Data to process

##############################

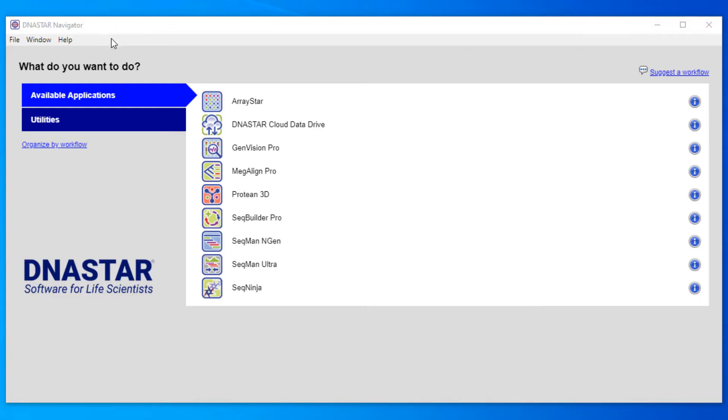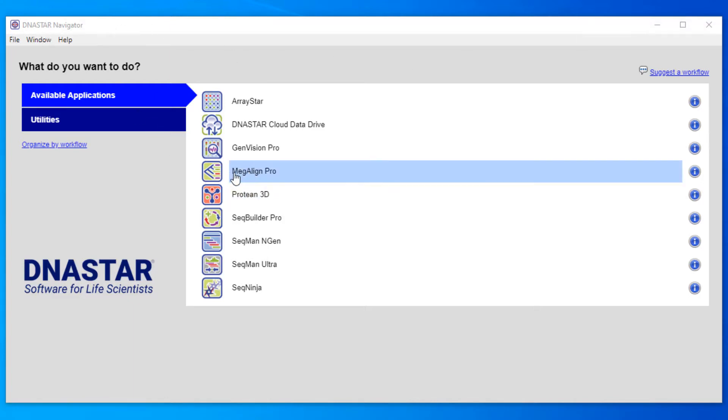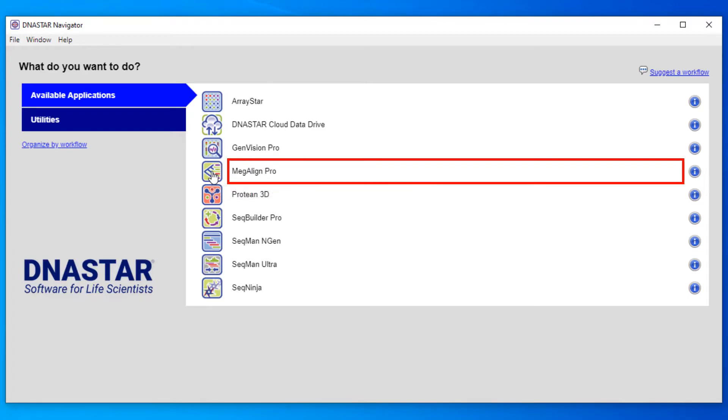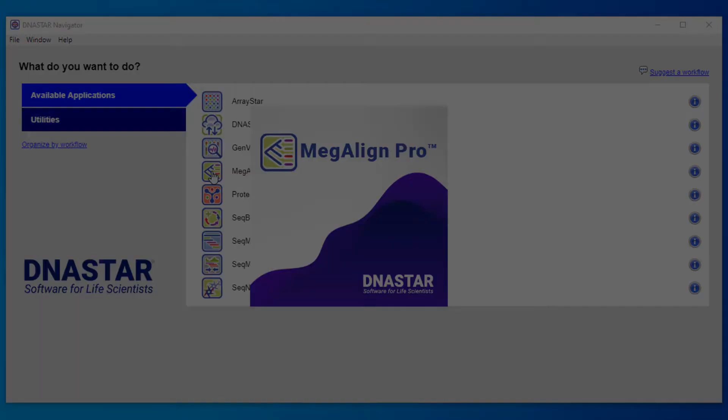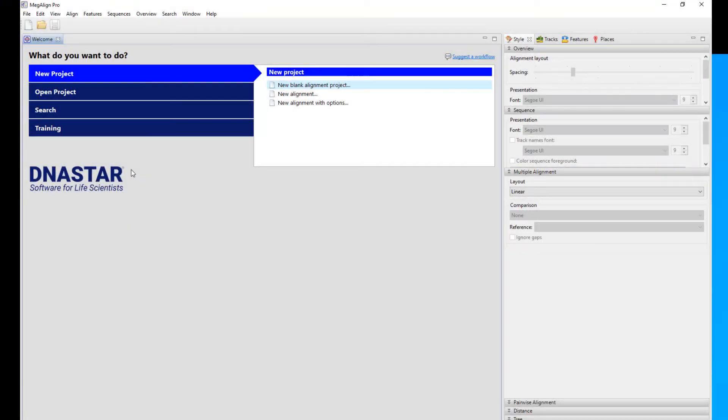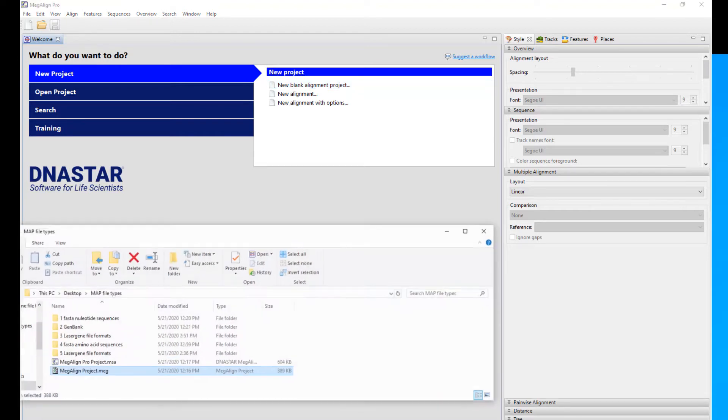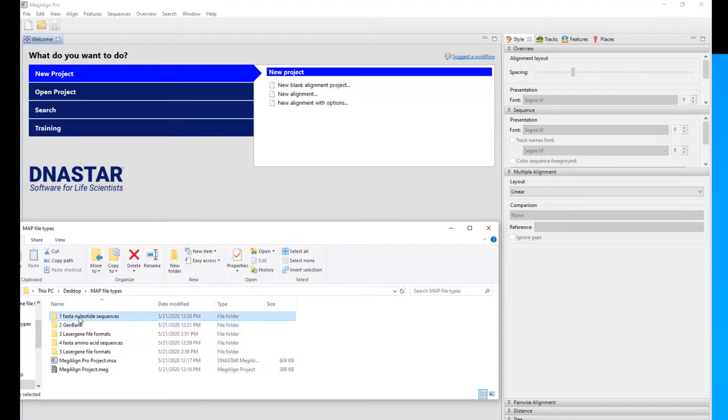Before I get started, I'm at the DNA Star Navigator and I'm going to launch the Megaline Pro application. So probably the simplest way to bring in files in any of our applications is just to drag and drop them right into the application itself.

##############################

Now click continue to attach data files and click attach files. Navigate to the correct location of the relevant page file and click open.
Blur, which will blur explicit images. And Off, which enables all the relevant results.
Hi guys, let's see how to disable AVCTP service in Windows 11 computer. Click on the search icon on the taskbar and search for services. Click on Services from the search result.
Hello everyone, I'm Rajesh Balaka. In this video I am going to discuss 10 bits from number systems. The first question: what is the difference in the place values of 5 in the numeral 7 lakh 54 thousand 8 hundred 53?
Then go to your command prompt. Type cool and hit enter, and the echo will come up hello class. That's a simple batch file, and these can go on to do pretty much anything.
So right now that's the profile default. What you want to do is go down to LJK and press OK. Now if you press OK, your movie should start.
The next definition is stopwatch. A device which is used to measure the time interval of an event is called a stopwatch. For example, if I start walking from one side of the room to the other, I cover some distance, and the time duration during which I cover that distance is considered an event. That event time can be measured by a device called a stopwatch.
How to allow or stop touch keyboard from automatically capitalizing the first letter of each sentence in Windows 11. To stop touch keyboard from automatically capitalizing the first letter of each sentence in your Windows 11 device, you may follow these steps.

##############################

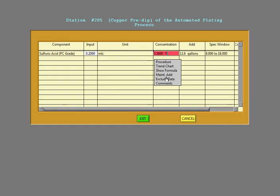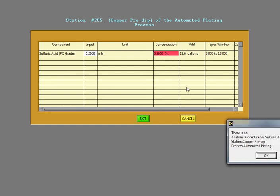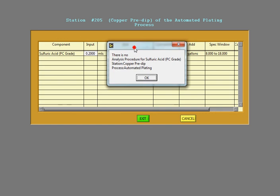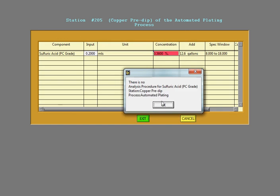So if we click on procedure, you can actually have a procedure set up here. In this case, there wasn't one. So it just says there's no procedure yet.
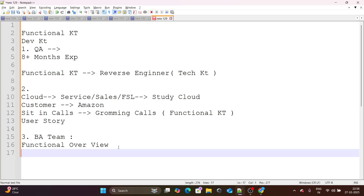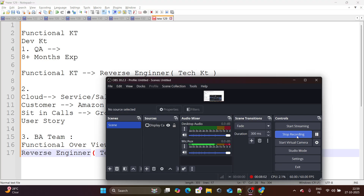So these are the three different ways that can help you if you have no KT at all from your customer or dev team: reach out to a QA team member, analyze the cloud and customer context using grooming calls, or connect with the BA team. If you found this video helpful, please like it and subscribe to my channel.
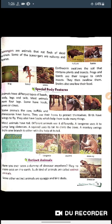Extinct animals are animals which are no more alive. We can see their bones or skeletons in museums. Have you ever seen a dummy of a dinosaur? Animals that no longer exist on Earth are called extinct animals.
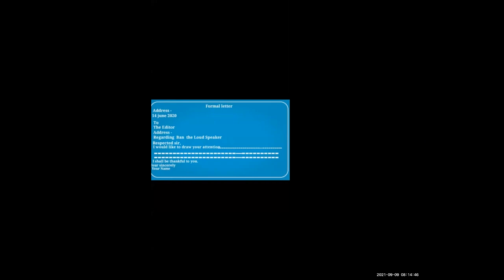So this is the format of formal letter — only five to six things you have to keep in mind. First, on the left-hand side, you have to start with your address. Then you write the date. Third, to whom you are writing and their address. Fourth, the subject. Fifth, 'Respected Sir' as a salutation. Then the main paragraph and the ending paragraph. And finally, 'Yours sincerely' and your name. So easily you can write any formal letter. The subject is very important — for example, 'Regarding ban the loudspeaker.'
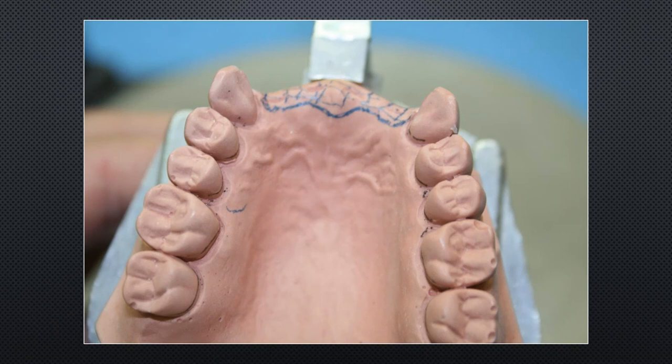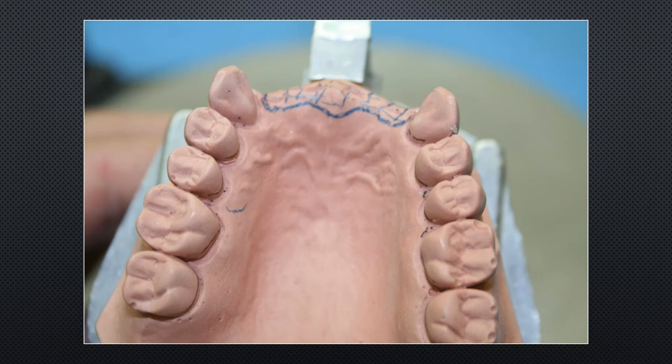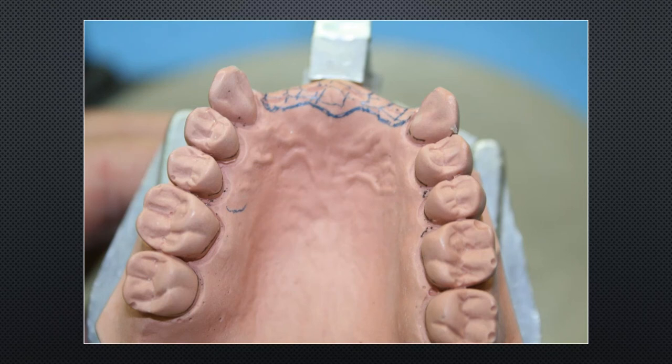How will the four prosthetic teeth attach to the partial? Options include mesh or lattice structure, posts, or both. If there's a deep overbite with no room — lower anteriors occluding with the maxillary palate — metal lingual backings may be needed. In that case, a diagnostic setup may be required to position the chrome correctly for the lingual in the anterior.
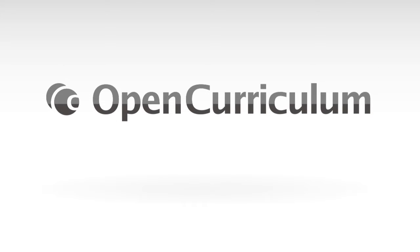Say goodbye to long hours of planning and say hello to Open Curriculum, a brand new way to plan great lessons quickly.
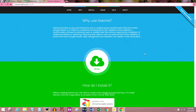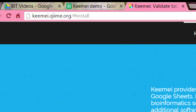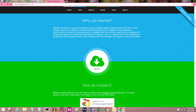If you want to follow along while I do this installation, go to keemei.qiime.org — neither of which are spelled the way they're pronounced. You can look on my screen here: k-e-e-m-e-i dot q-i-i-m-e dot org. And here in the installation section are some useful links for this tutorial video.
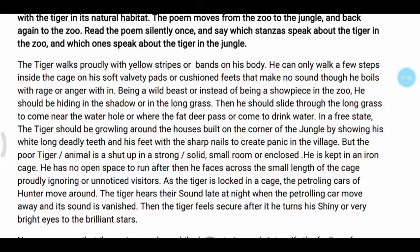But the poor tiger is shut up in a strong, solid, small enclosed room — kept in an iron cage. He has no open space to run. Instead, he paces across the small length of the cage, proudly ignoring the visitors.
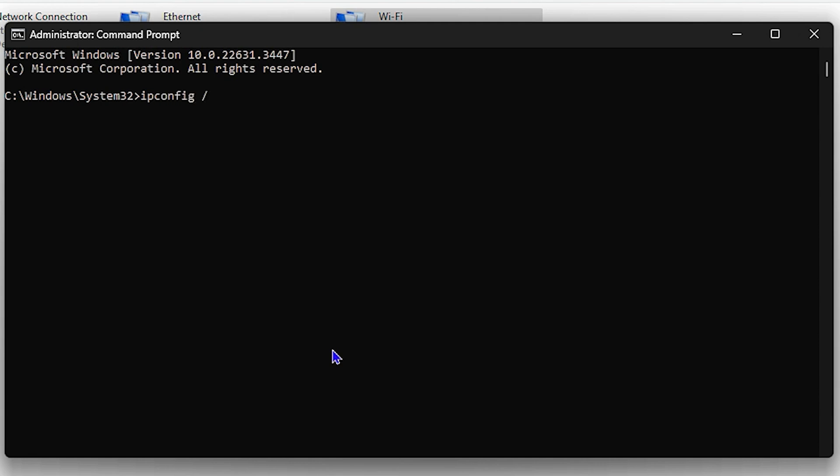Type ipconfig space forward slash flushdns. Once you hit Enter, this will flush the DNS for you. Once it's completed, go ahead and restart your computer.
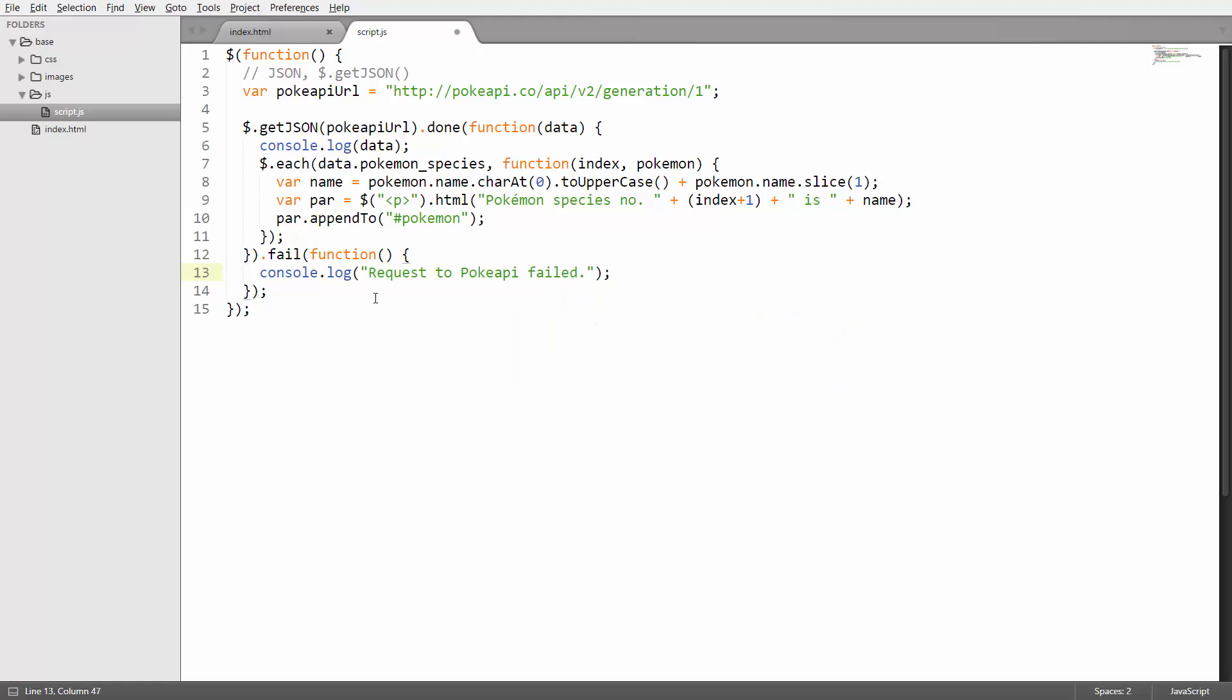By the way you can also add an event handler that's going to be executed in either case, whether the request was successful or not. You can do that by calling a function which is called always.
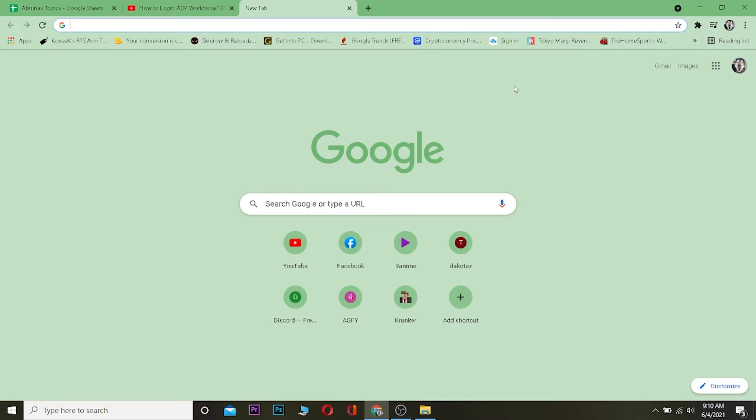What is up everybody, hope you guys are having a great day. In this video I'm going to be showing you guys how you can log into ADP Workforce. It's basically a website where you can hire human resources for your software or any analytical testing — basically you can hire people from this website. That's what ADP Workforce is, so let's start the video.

##############################

Every line above carrying the word "Windows" needs to be shown.

Result
Hi guys, let's see how to disable AVCTP service in Windows 11 computer. Click on the search icon on the taskbar and search for services. Click on Services from the search result.
How to allow or stop touch keyboard from automatically capitalizing the first letter of each sentence in Windows 11. To stop touch keyboard from automatically capitalizing the first letter of each sentence in your Windows 11 device, you may follow these steps.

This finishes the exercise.